During colonialism Korea’s populace in increasing numbers moved to cities and became urbanized these new urbanites worked in factories and were used to the organization of modern commerce. The Japanese also let a small number of Koreans develop into a semi-elite. Although this group never held powerful positions many of them were educated in Japanese schools, and became either involved in the military or worked as businessmen, bureaucrats, lawyers, and doctors. This elite provided much of the leadership and framework for post World War Two Korean Government in Korea. They had an intimate knowledge of Japanese companies, language, organizational structure, and government. The Korean elites that emerged after the liberation of 1945 and helped steer Korea’s economic policies under Park Chung Hee had an intimate knowledge of Japan.

Some of them like Park had been educated in Japanese schools, some had worked for the Japanese, and nearly all of them spoke fluent Japanese. It was this closeness to Japan both geographically and culturally that made it natural for the Koreans to use the Japanese model of industrialization when Japan’s economy boomed in the 1960’s and 1970’s. The leaders of Korea were ambivalent about relying on Japan, on one hand they felt a profound respect for Japan and its successes and on the other a deep hatred for what Japan had done to Korea in the past. But Japan still served as a model for Park Chung Hee who normalized relations with Japan in 1965 and turned to Japan for technology, equipment, and a model for development. Some nationalistic Korean scholars say that Japan’s colonialism slowed Korea’s growth by exploiting Korea and disturbing its economy.

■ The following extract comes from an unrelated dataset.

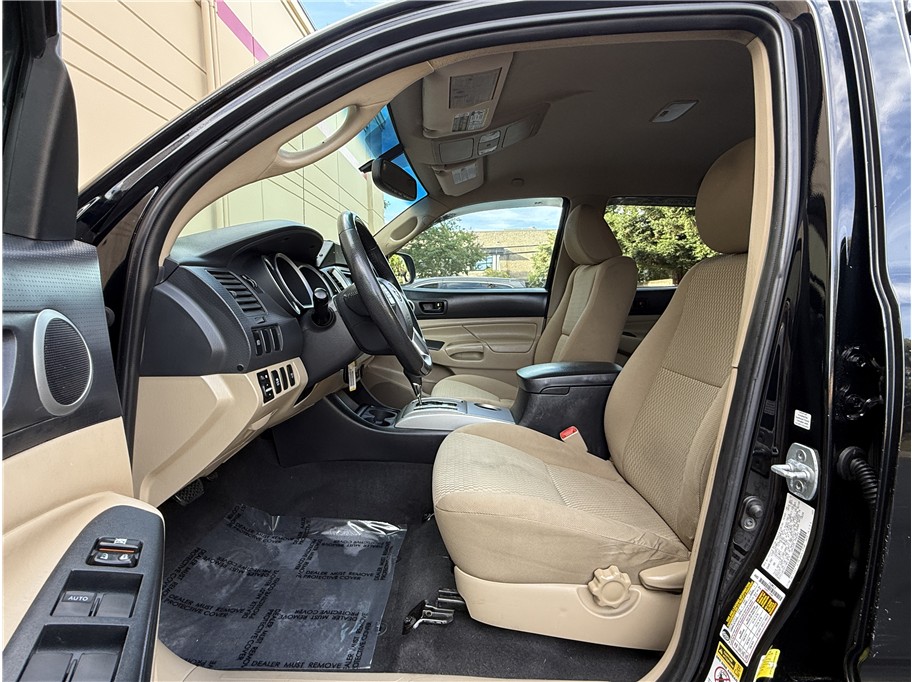 2012 Toyota Tacoma Double Cab SR5 photo 7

But these views of Korea ignore the fundamental role that Japan’s policies of industrial colonialism played in allowing Korea to Industrialize during the 1960’s. Japan’s colonialism improved infrastructure, urbanized the nation, educated much of the populace, gave the pubic experience with modern commerce, and indoctrinated Korean elites in the Japanese language and culture. It was Korean elites history and close ties with Japan that made them turn naturally to Japan to provide a development model. Japan’s legacy of colonialism in Korea is felt not only in the many graves and monuments that attest to Japanese brutality but also in the modern cities of South Korea and the heavy industries along the Yalu River in the North.